Visiting Landmark from the Comfort of Your Couch
Pre-pandemic, EMS hosted monthly tours and Informational Visits on campus for prospective students and their families. EMS students volunteered to be panelists at Morning Meeting, sat on stage in the Meeting Room, and answered questions from prospective families. Now, those same events are once again routine: admission representatives host parents on a Google Meet, Landmark students “drop in” on their break time either from home or from a socially distanced location on campus, and the overall effect is exactly as it was intended to be: informative, personal, and reflective of the new experience of being a Landmark student. Visitors (and faculty!) are amazed at the comfort level and presence of our students in a remote mode.

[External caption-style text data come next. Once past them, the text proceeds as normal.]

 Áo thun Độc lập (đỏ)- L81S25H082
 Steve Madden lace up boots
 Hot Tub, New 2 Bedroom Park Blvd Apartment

Good Morning Elementary•Middle School
The school day once began with Morning Meeting, a tradition that goes back decades. Eleven months into the pandemic, the prospect of 50 elementary students, 115 middle schoolers, deans, campus heads, teachers, counselors all in the same space is...horrifying? Definitely not advisable from a public-health standpoint. School assemblies everywhere have largely been discontinued, but not at Landmark. As the school day has built back a replica of former years, protocols for Morning Meeting are alive and well once again. Faculty volunteers have taken turns convening a link at 7:40 a.m. each day, as elementary or middle school students join their respective Google Meets. Prior to the meeting beginning, friendly chatting is again happening with social conventions in place including hand gestures, the chat function, mute buttons—modifications of in-person connections. Once the meeting starts, students watch from their homes or from a hybrid classroom on mute except for people who are speaking, and each day’s meeting consists of content, announcements, interviews. In short, very much a remote adaptation of the Morning Meeting.
Masks and social distancing are par for the course on Landmark's campuses— even outdoors.
Still Landmark
The altered landscape in other ways is stark. At any given time, so much of the school business has been moved to the cloud. Gone are the jostling crowds in narrow two-way corridors, diners jockeying for position around salad bars, crowded faculty workspaces, and in-person training sessions. Milkbreak and lunch remain, with the multicolored social distancing dots and the plexiglass shields to remind us all of what cannot be seen. Mentoring and supervisory observations are done virtually in many cases due to space constraints. Classroom teachers have adapted beautifully to smaller classes and are making the adjusted environment—with one-way traffic, face masks, social distancing, and cleaning protocols—work. But tutoring, paradoxically, is done remotely because the need for close 1:1 instruction with a focus on faces, mouths, and eyes cannot be done in a mask, and perhaps also because the reflexive need to share and explain in close proximity is too tempting. Until the pandemic ends, the days of a student and tutor sitting side-by-side in a tutorial station have given way to a virtual reality.